The Gold Contrarian Bet, As Gold Bugs and Paulson Get Slaughtered

November 23, 2013 by Jon C. Ogg

What happens when everyone hates an investment or when everyone likes an investment? A contrarian investor would say it is time to go the other way. Gold has gone from shinola to you know what in 2013. It seems like everyone hates gold or doesn’t want to hear about it anymore. A contrarian might start thinking differently.

So, what is happening so badly in gold? The latest trends from the World Gold Council seem to not offer any great outlook. News came out late this last week that hedge fund manager and billionaire John Paulson has told customers that he would not be buying more gold.

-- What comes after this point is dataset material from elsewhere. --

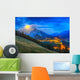Supermoon Rising over Mount Wall Decal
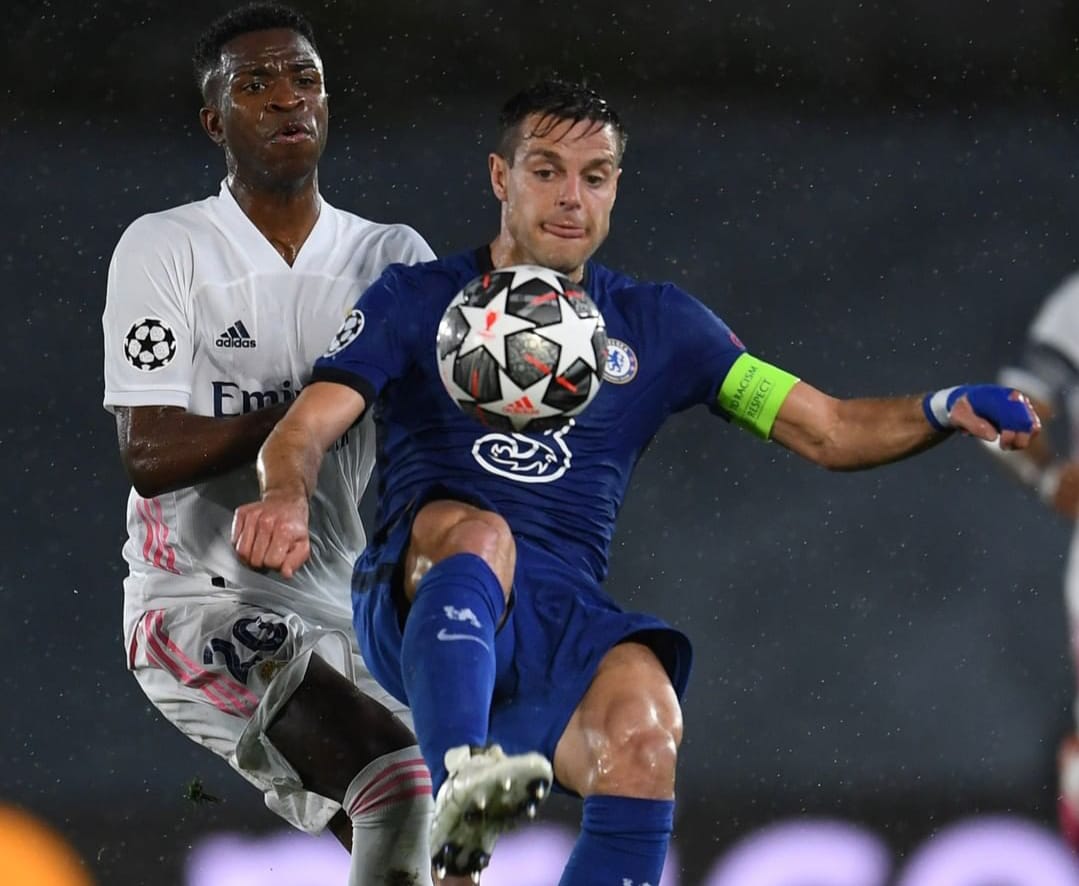 Bek César Azpilicueta Tanco di laga dinihari tadi. IG Chelsea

Paulson got rich betting heavily against mortgages and the housing market, when many people just couldn’t get enough of the housing market. He took a very contrarian angle, and this is a bit ironic that such an iconic contrarian might end up being a contrarian indicator at the same time.

Take the case of the Market Vectors Gold Miners ETF (NYSE: GDX). The chart appears to be at a five-year low after peaking in 2011. This ETF is on the miners rather than gold itself, but it signals peak selling in the entire group of those who go out and mine that gold for the world. This ETF is down by two-thirds from its peak. It is hard to believe, but the miners are now close to challenging their panic-selling troughs from late in 2008 and early in 2009.

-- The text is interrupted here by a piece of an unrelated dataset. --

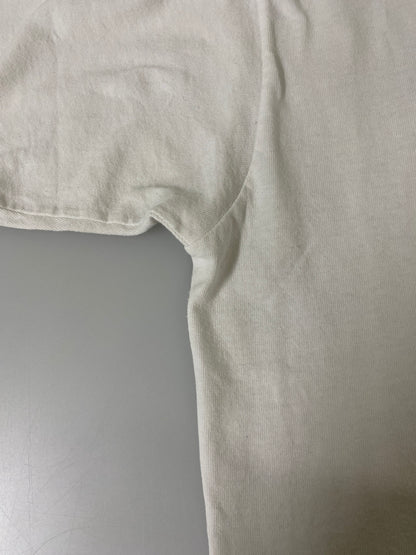 【中古品】【メンズ】 UNKNOWN USED 90's WHAT I REALLY LEARNED IN SCHOOL TEE ユーズド 90年代 ショートスリーブTシャツ 半袖Tシャツ トップス 146-260609-yn-29-min サイズ：L カラー：ホワイト 万代Net店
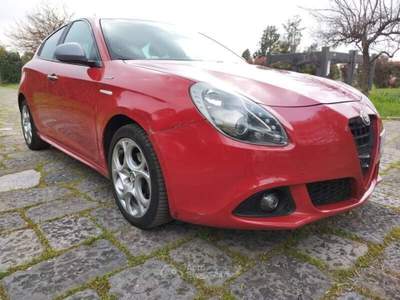 Alfa Romeo Giulietta Super Rosso usata Ferrara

Then the SPDR Gold Shares (NYSE: GLD) is not at 5-year lows. In fact, it is still up about 50% from its lows even if it has lost one-third of its value from the 2011 peak. This ETF, or trust, is still close to 10.23 million shares in Paulson Management’s portfolio. The value of this entire trust was $34.3 billion based upon holding 856.71 tonnes of gold.

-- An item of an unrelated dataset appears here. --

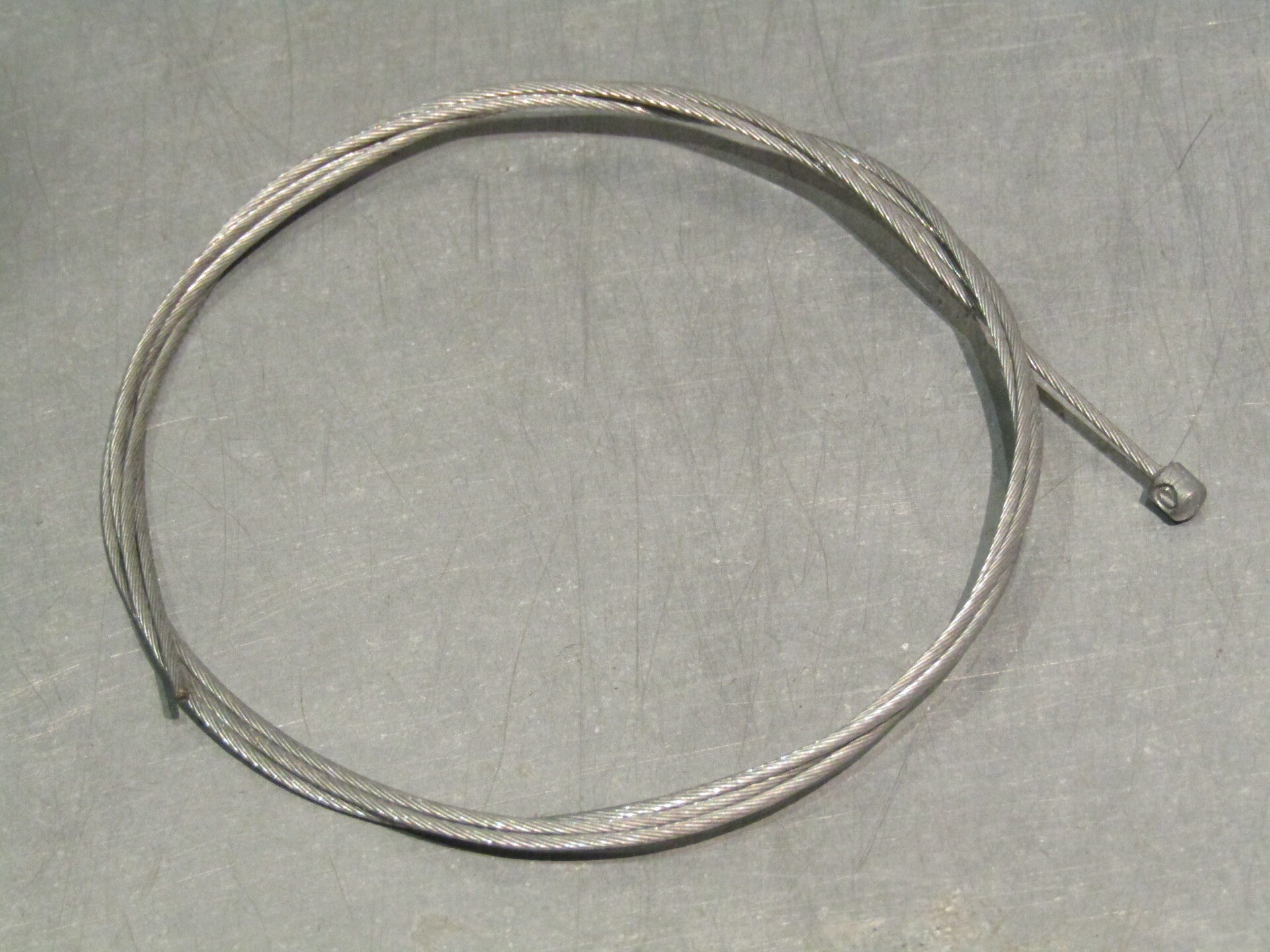 SIMPLEX type Vintage 70's Front Derailleur Cable 87cm fits old school PRESTIGE type Nylon levers NOS! BXC0021 8009 10/24/24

The reality is that most people who are telling you to still buy gold are doing it because of the fundamental reasons or based upon charts. Central banks are printing endless money. Interest rates are super low. Currencies have lower intrinsic value. Strong chart support is within 5% of the current price. And on and on.

We are not telling you to buy gold, but a true contrarian would be keeping his or her eyes open on the hunt.